== Segment start ==

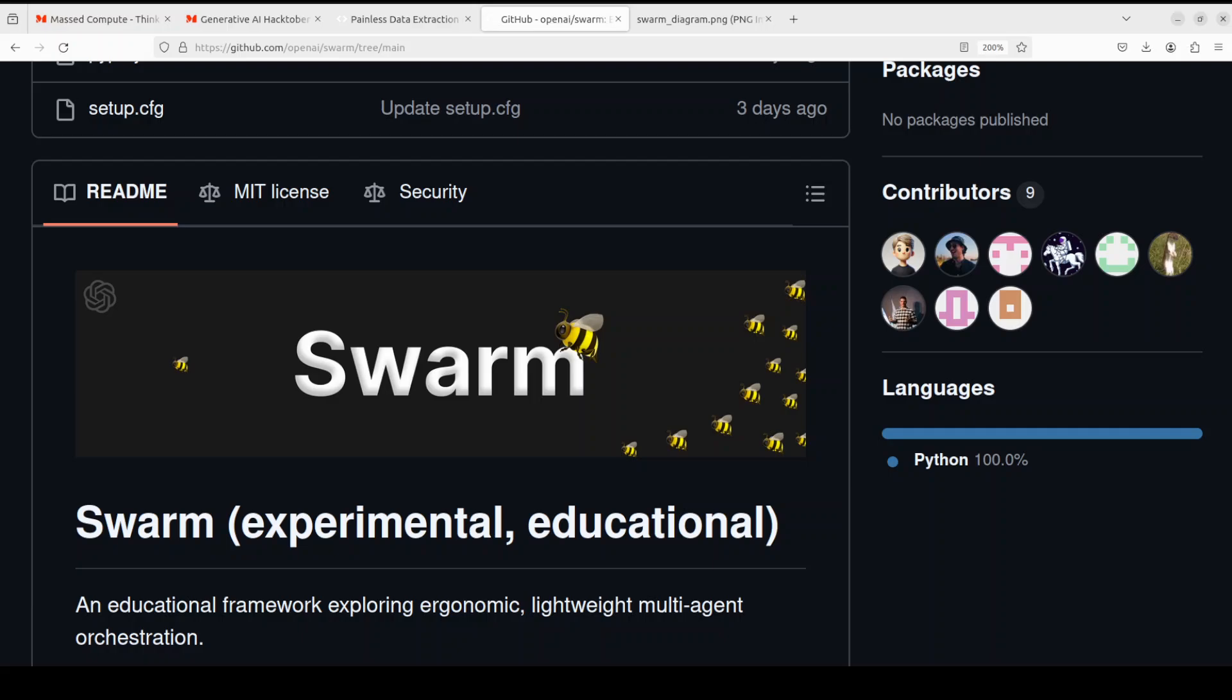Hello everyone, welcome to the channel. I'm very excited to share with you this new framework project from OpenAI called Swarm. I'm particularly excited about this because it's an open source project from OpenAI of quite good quality with a very simple concept.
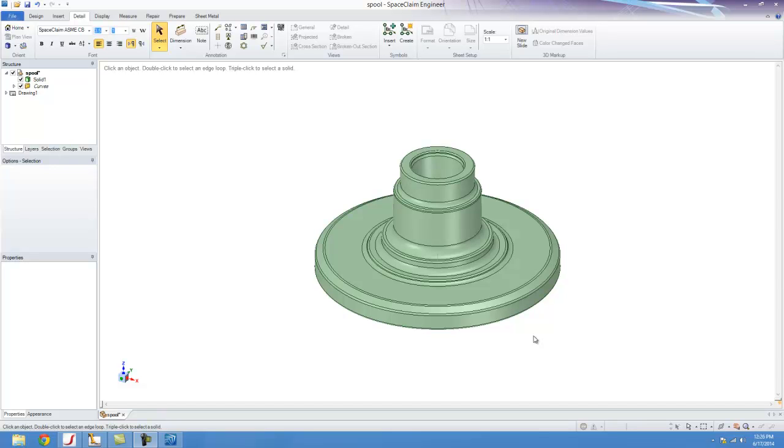Hello, my name is Mark Patterson. I'm with GoMeasure3D, and today I'm going to show you SpaceClaim's ability to create drawings and use the step files created using SpaceClaim in Autodesk Inventor.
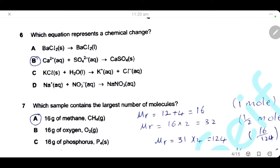Question 6. Which equation represents a chemical change? Option A — changing from solid to liquid — is a physical change. Option B — reaction between calcium ions and sulfate ions to form precipitated calcium sulfate — is a chemical change because a new compound is formed, different from the original reactants. Option C — potassium chloride dissolving in water to form ions — is a physical process. Option D — ionization in solution — is also a physical process. The only correct answer is B.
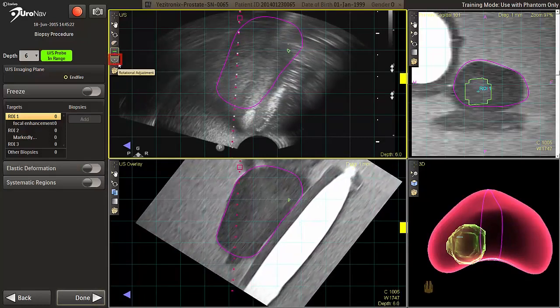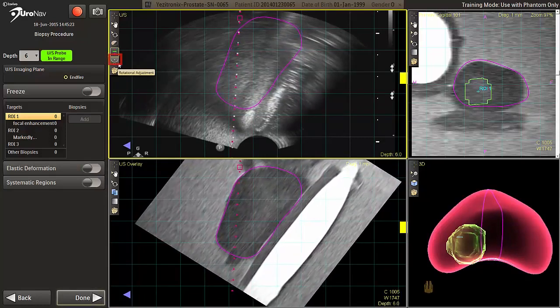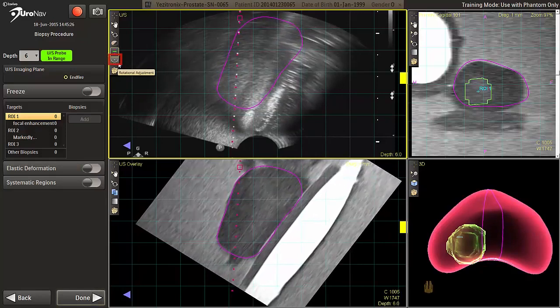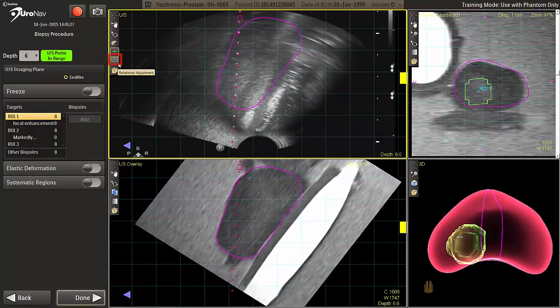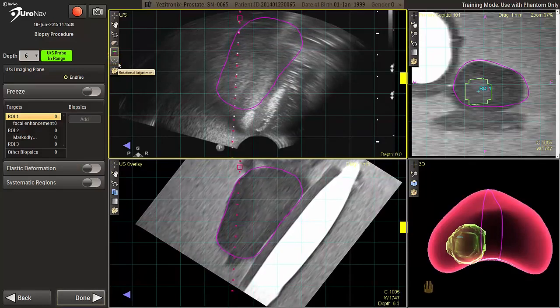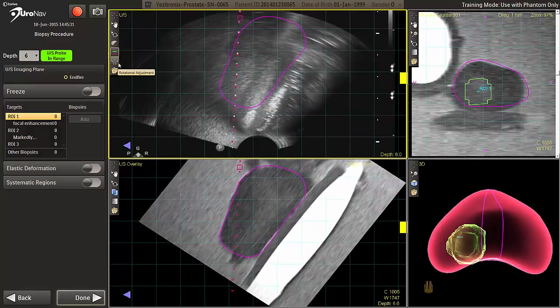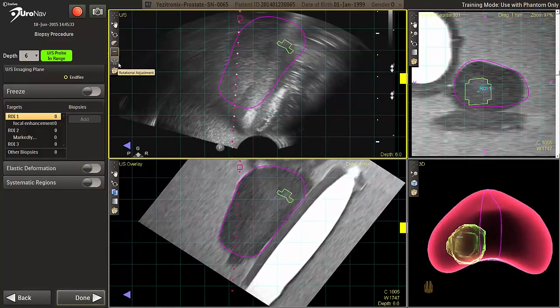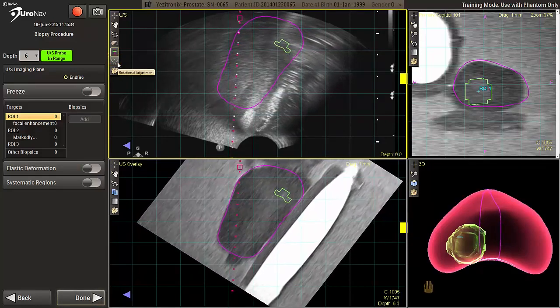N-fire probe users are encouraged to perform rotational adjustment. The tool for rotational adjustment steps is activated on the static toolbar on the left of the live image viewport. For more information on rotational adjustments, refer to the Euronav user manual.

== Segment end ==

About this task →
All of the material above is to be copied exactly, except for its images.

Response to the exercise →
Hello everyone, welcome to the channel. I'm very excited to share with you this new framework project from OpenAI called Swarm. I'm particularly excited about this because it's an open source project from OpenAI of quite good quality with a very simple concept.
Hello, my name is Mark Patterson. I'm with GoMeasure3D, and today I'm going to show you SpaceClaim's ability to create drawings and use the step files created using SpaceClaim in Autodesk Inventor.
Question 6. Which equation represents a chemical change? Option A — changing from solid to liquid — is a physical change. Option B — reaction between calcium ions and sulfate ions to form precipitated calcium sulfate — is a chemical change because a new compound is formed, different from the original reactants. Option C — potassium chloride dissolving in water to form ions — is a physical process. Option D — ionization in solution — is also a physical process. The only correct answer is B.
N-fire probe users are encouraged to perform rotational adjustment. The tool for rotational adjustment steps is activated on the static toolbar on the left of the live image viewport. For more information on rotational adjustments, refer to the Euronav user manual.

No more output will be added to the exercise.